Referat von Christoph Blocher, a. Bundesrat, Präsident des Komitees «gegen den schleichenden EU-Beitritt» (www.eu-no.ch), gehalten am 5.8.2016 anlässlich einer Medienkonferenz in Bern.

Die EU verlangt von der Schweiz einen Rahmenvertrag mit institutioneller Bindung. Danach soll die Schweiz zwingend Recht der EU übernehmen, ohne dass sie selbst bestimmen kann und bei Meinungsverschiedenheiten soll der EU-Gerichtshof entscheiden. Die Schweiz steht damit vor einer entscheidenden Weichenstellung.

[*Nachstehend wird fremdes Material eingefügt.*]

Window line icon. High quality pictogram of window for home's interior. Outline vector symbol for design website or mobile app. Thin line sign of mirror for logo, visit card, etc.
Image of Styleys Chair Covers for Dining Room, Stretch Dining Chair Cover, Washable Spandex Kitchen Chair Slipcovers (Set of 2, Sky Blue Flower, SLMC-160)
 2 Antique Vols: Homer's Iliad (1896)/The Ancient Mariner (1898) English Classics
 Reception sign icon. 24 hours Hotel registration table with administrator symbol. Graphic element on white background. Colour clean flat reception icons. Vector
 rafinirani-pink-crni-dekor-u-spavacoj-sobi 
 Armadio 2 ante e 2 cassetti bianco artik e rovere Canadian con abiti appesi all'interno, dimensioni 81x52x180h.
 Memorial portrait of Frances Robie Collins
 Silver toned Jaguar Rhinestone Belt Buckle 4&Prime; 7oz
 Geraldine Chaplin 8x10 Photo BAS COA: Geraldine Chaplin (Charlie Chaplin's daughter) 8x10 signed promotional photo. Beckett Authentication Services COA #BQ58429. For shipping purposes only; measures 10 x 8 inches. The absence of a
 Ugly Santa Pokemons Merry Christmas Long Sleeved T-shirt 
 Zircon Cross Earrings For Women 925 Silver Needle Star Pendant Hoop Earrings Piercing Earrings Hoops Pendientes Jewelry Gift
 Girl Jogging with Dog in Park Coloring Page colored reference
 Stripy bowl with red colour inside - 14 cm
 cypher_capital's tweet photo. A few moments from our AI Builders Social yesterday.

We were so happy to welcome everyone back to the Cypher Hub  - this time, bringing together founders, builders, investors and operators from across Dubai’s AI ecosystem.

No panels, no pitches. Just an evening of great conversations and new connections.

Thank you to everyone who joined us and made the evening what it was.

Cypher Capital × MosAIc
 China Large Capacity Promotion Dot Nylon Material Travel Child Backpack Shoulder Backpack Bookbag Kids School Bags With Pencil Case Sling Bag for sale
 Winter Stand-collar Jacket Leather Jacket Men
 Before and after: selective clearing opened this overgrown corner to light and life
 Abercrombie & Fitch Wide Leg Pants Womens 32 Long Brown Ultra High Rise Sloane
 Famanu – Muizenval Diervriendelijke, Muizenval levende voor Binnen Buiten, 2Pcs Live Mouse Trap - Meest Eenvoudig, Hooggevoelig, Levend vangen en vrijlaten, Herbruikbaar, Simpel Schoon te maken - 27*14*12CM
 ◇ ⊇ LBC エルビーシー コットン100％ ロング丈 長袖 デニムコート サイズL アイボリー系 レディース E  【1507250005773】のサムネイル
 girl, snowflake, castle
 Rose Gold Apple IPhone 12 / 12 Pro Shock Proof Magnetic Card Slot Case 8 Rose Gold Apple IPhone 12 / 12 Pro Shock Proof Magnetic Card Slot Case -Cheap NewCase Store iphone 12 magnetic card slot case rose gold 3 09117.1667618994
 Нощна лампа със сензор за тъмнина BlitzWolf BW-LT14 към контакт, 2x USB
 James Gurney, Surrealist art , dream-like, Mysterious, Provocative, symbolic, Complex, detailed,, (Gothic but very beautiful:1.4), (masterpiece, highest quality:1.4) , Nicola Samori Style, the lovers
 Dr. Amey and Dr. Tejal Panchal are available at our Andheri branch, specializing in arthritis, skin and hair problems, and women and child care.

Der Abschluss dieses Vertrages bedeutet das Ende der politischen Schweiz und ist leider nur noch eine Formsache. Bundesrat und Parlament werden diesem Vertrag zweifelsohne zustimmen.

Dieser Irrweg wurde frühzeitig erkannt. Darum gründeten wir schon im Oktober 2013 ein Komitee gegen den schleichenden EU-Beitritt. Darin sind die Organisationen und Bürger, die gewillt sind, einen Abstimmungskampf zu führen, zusammengeschlossen. Dem Komitee gehören bis heute 130 Kollektiv- und 6'228 Einzelmitglieder an.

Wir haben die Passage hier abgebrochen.